The play delves into the ways that “the human race tells stories and how we keep out humanity in a crisis” by following a group of survivors after a nuclear melt-down, said senior theatre management major Bob Prescott.
Prescott is the director for the show and managing director of Busted Space. In the play, a small band of people find themselves sitting around a campfire during the apocalypse, trying to remember a particular episode of “The Simpsons.”
“Right after a disaster, the focus is on how to survive, but later, it’s on how do we rebuild and make a new normal,” said Ru Weller-Passman, a senior playwriting major and dramaturge for the show. “How do we make a new culture again and get back those things that aren’t necessary for survival but are necessary for being human?”
Both Weller-Passman and Prescott have been members of Busted Space since their freshman year at Ball State. It is the first time their organization has put on a full-length production, and there have been adjustments for everyone involved. Prescott said the process of putting this production together has been very different than what they are used to.
“A lot of what we usually do as an organization is produce our own work, but with the full production of 'Mr. Burns,' this is new territory,” he said.
Their first foray into this “new territory” includes creative directing decisions on the part of Prescott.
Seven years after the disaster, that same group of survivors is performing the “The Simpsons” episode across the country for entertainment. Prescott decided to interpret the survivor’s act of traveling around the country as a desperate search for their friends and family who might have survived.
Seventy-five years after the group became an acting troupe, the same script the characters started working on that night around the campfire has been transformed into a huge musical theatre number, complete with references to contemporary songs, including Beyonce’s "Single Ladies," the "Scooby-Doo" theme song and Eminem’s "Lose Yourself."
“We are experiencing their reality through the perspective of the episode,” said Prescott. “The show is about experiencing our humanity through our media and how that reflects back on us as a culture.”
Act three takes place long after the events in act one and the results are interesting, said Kelley Johnson, a junior theatrical studies major who plays Quincy and Bart Simpson in the production.
“Act three is a warped recreation of one of the episodes of "The Simpsons" that the other characters were trying to remember in act one,” Johnson said. “It's 80-ish years after act I, so interpretations and visuals and characters and everything are twisted.”
Left up to the interpretation of Busted Space, part of the script was a medley in act two which isn’t provided in the original script. Instead, the cast and crew held a couple of rehearsals to put together a song of recognizable tunes, including “Who Let the Dogs Out?,” “What Does the Fox Say?,” “Bang Bang” and others. Putting the medley together was one of the most fun aspects of the production process, Prescott said.

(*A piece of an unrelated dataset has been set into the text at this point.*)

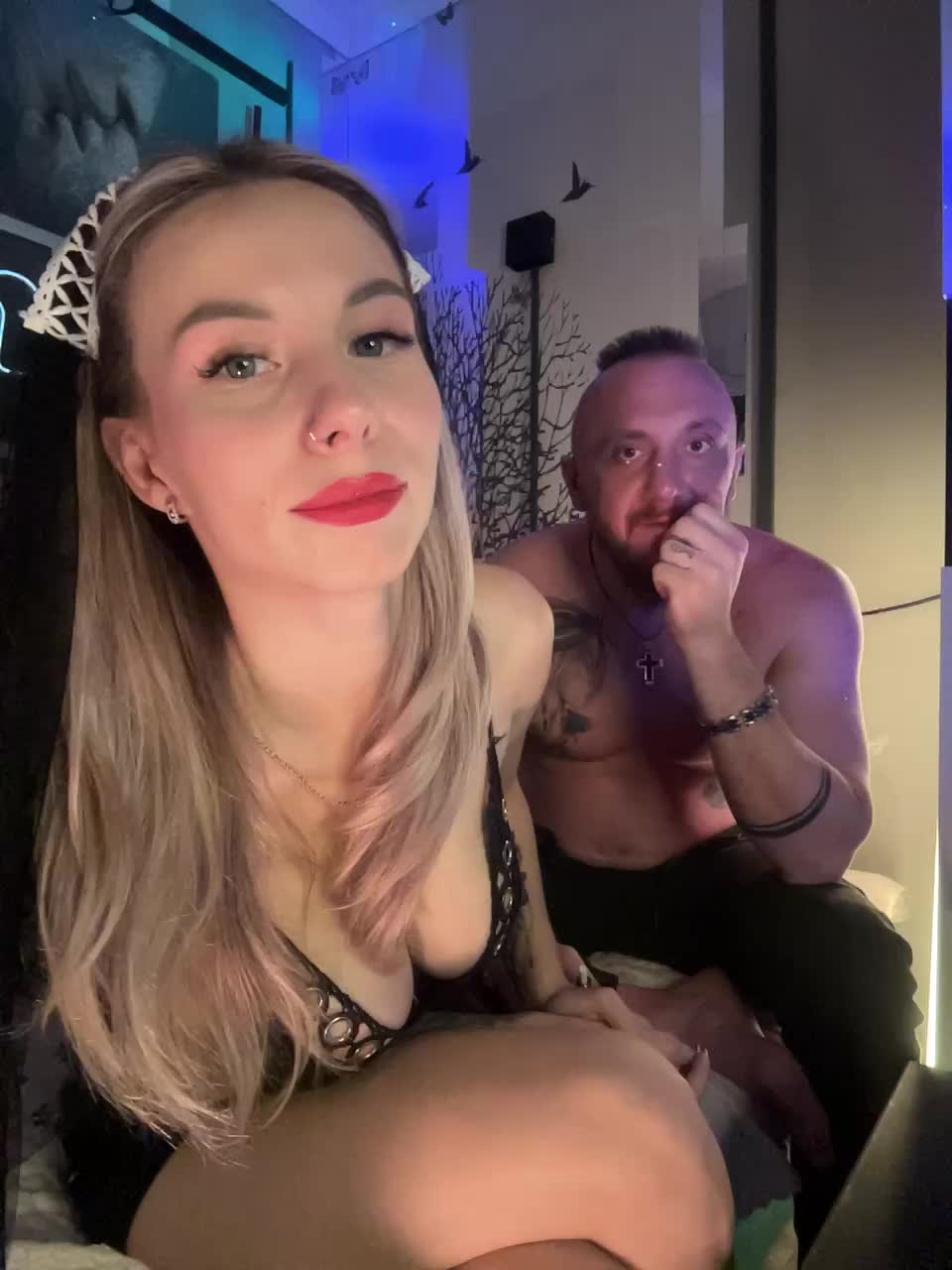 View or download file vik1one1 on 2024-10-30 from bongacams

“We were really confused at first [that the medley was not included in the script], but then we dove in and had a great time.” he said. “It was so great to work in a completely different world for a few rehearsals from this grim, dark, apocalyptic nightmare, to come together and build something so entertaining.”
Weller-Passman said the main message of the show for her is that storytelling is a human experience.
“Ultimately, the way that we get through anything is by telling stories,” she said. “These characters who have all lost something, someone — multiple someones — put this story together that brings them together and helps them rebuild after this terrible thing that’s happened.”
“Mr. Burns” may be a new type of show for Busted Space, but Prescott and Weller-Passman are still working to keep the values of their group present throughout the process.
“Every time we do an existing show, we try to do it in an innovative way that ‘busts the space,’ so to speak,” Prescott said.
They have actually manipulated the literal space in which the show will be performed: the first act will take place with the audience members’ chairs on the stage with the actors, act two has them move their own chairs to a different area of the ballroom, and act three returns to the stage with the audience in their traditional place in front of it.
Despite these methods of manipulating the space, Prescott said that audience members familiar with Ball State theatre productions will encounter an intimate experience similar to what they would find in Strother Studio Theatre.
The goal from now on is for Busted Space to produce one full show each semester, in addition to their yearly staples like the “Let’s Talk About” series and the “Gender Bender” cabaret show, Prescott said.
Cost of admission is $3, but Busted Space is not looking to make a profit off of this show. Proceeds will go toward departmental scholarships for students.